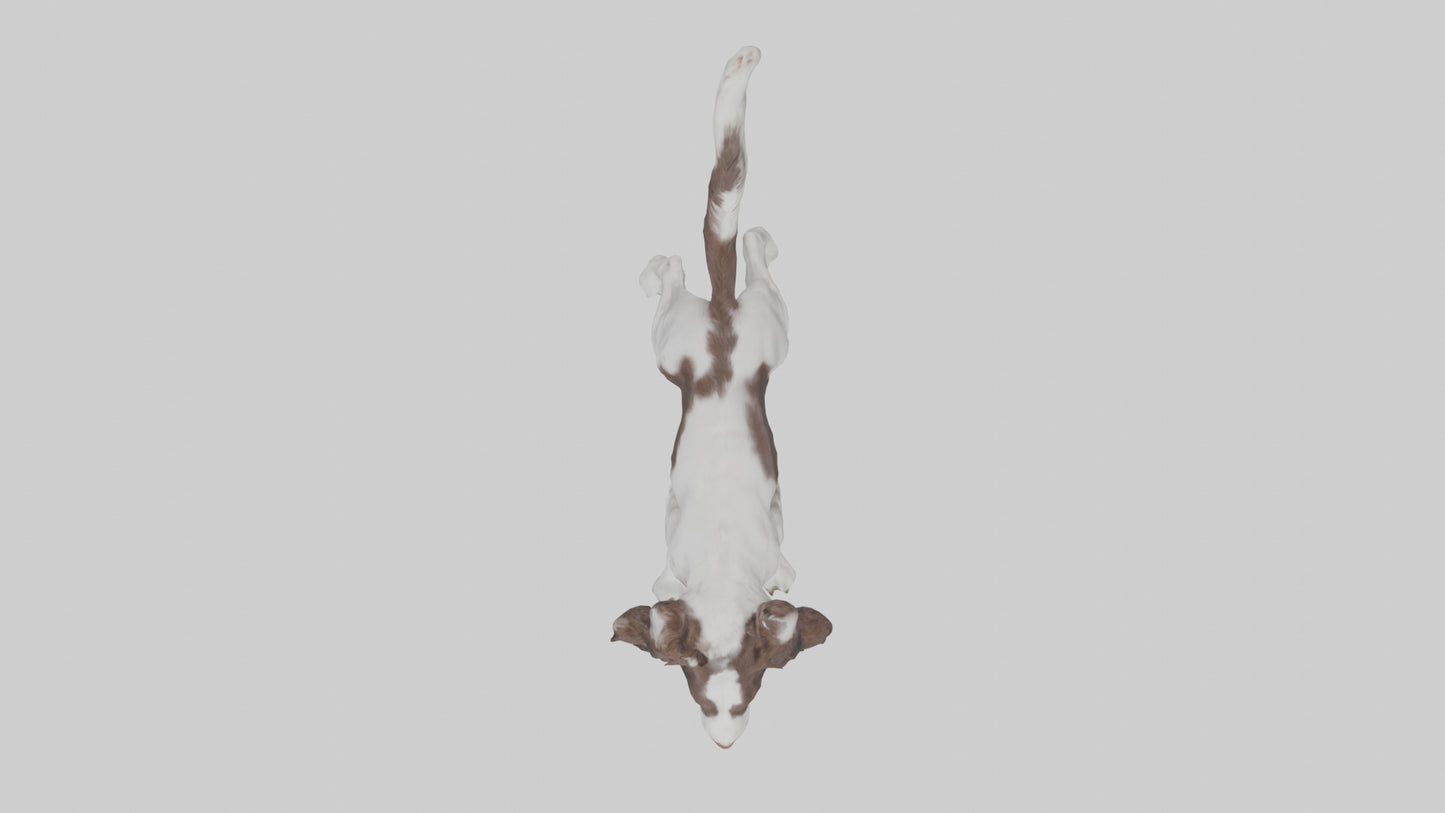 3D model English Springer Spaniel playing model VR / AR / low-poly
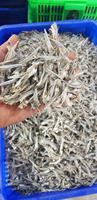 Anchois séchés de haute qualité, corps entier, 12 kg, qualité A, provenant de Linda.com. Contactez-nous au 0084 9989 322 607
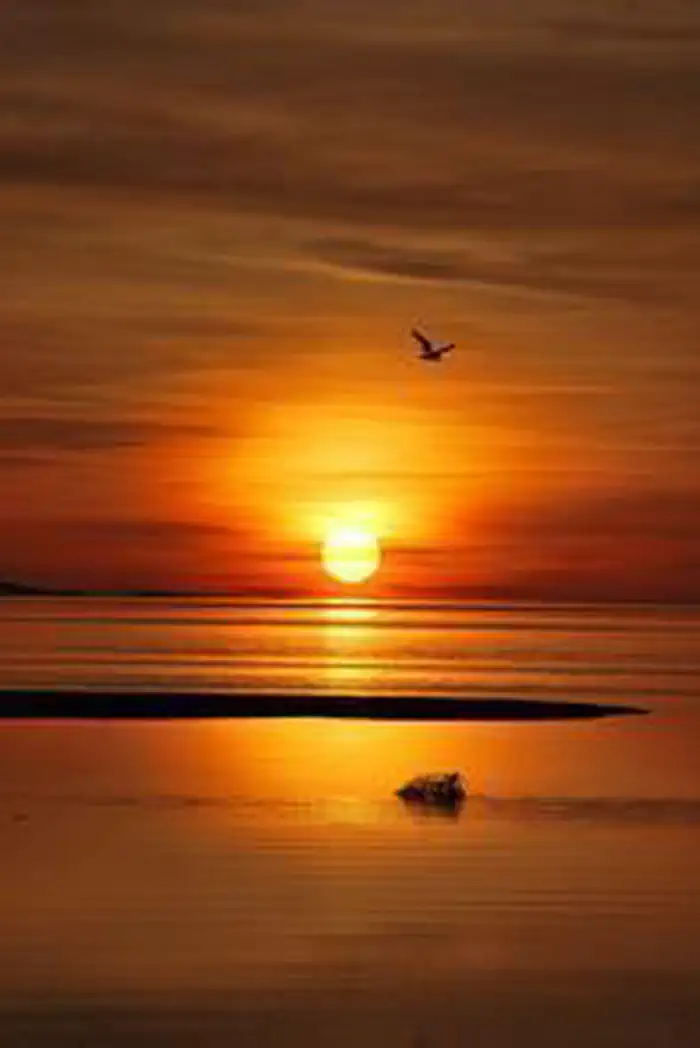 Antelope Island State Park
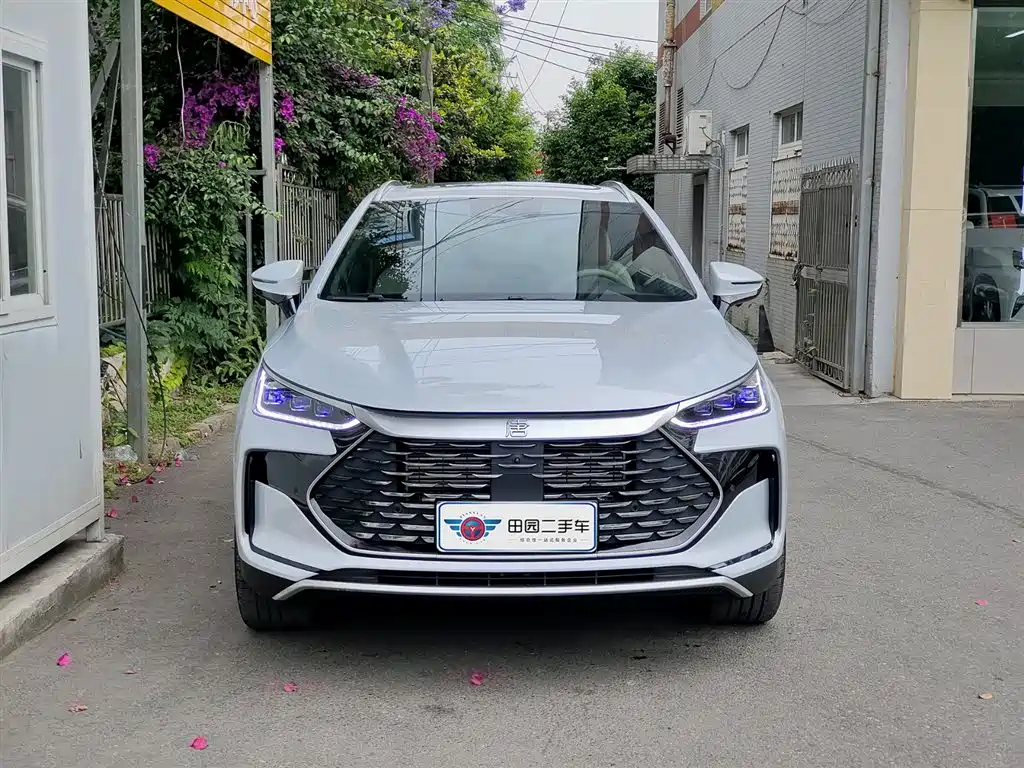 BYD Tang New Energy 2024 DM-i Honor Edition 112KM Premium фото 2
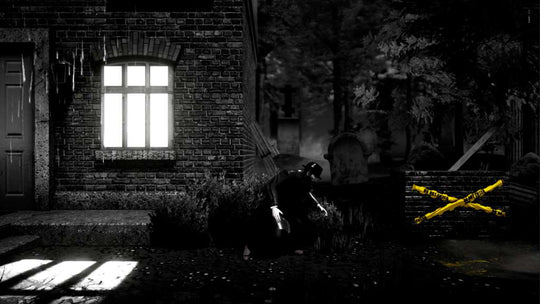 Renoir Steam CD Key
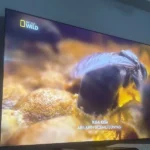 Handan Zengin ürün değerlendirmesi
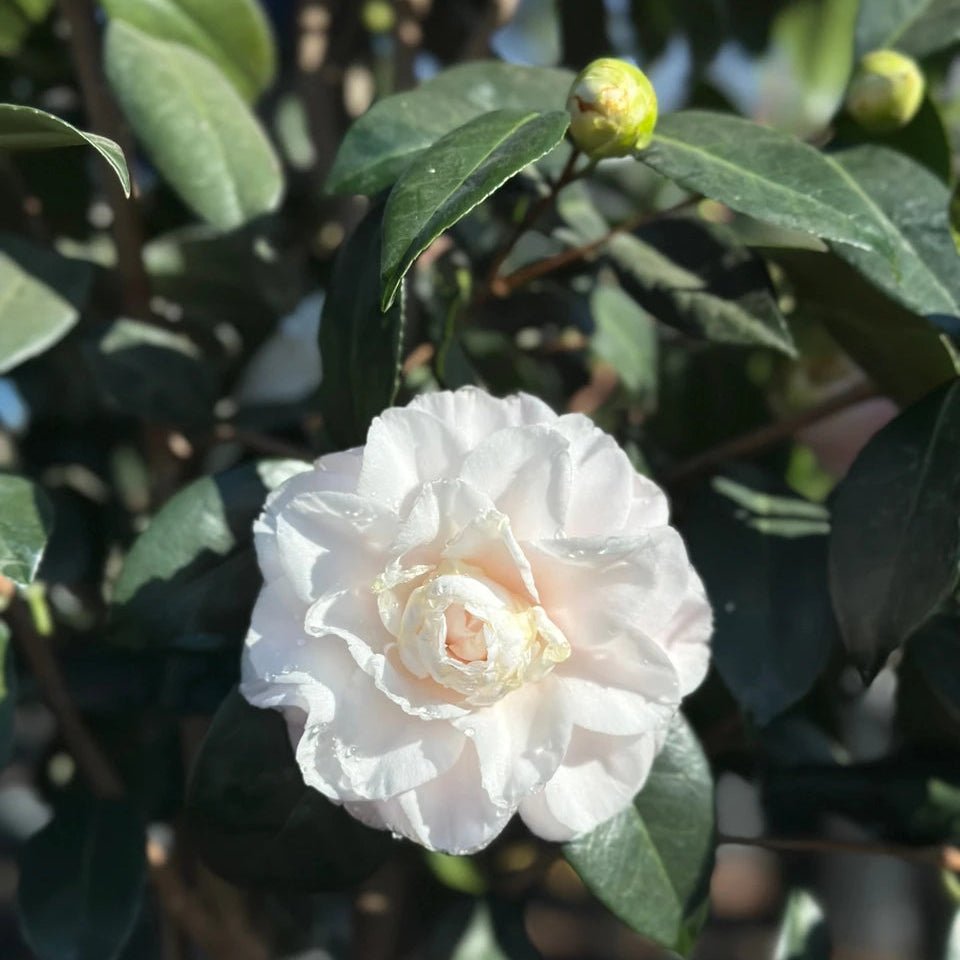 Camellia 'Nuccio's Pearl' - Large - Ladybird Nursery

---

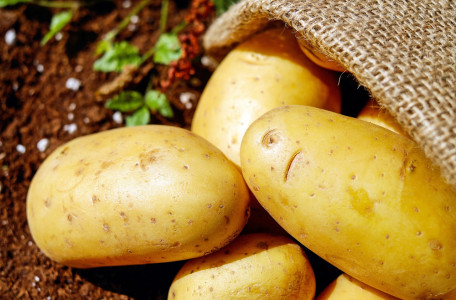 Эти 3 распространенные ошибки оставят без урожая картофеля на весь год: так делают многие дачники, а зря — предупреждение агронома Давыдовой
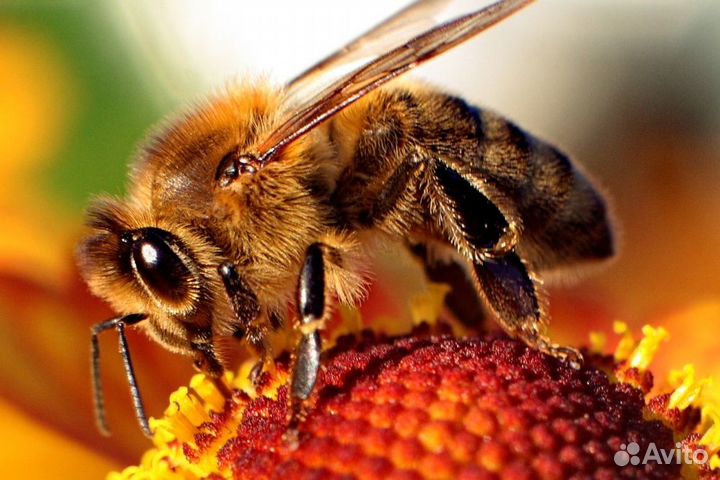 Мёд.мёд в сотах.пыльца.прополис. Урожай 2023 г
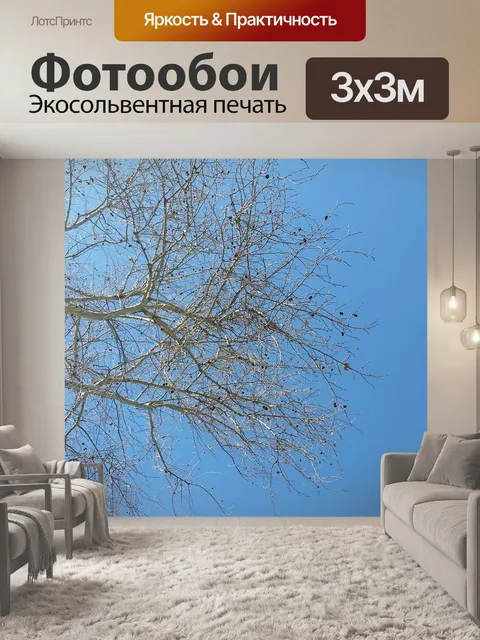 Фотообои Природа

==

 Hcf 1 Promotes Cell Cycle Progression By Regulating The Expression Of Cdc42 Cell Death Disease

→ **TRY IT**: Reproduce word for word, with pictures dropped, only the part of the material above that opens with the line containing "BYD Tang New" and closes with the line containing "Camellia 'Nuccio's Pearl'".

→ **ANSWER TO THE PROBLEM**:
 BYD Tang New Energy 2024 DM-i Honor Edition 112KM Premium фото 2
 Renoir Steam CD Key
 Handan Zengin ürün değerlendirmesi
 Camellia 'Nuccio's Pearl' - Large - Ladybird Nursery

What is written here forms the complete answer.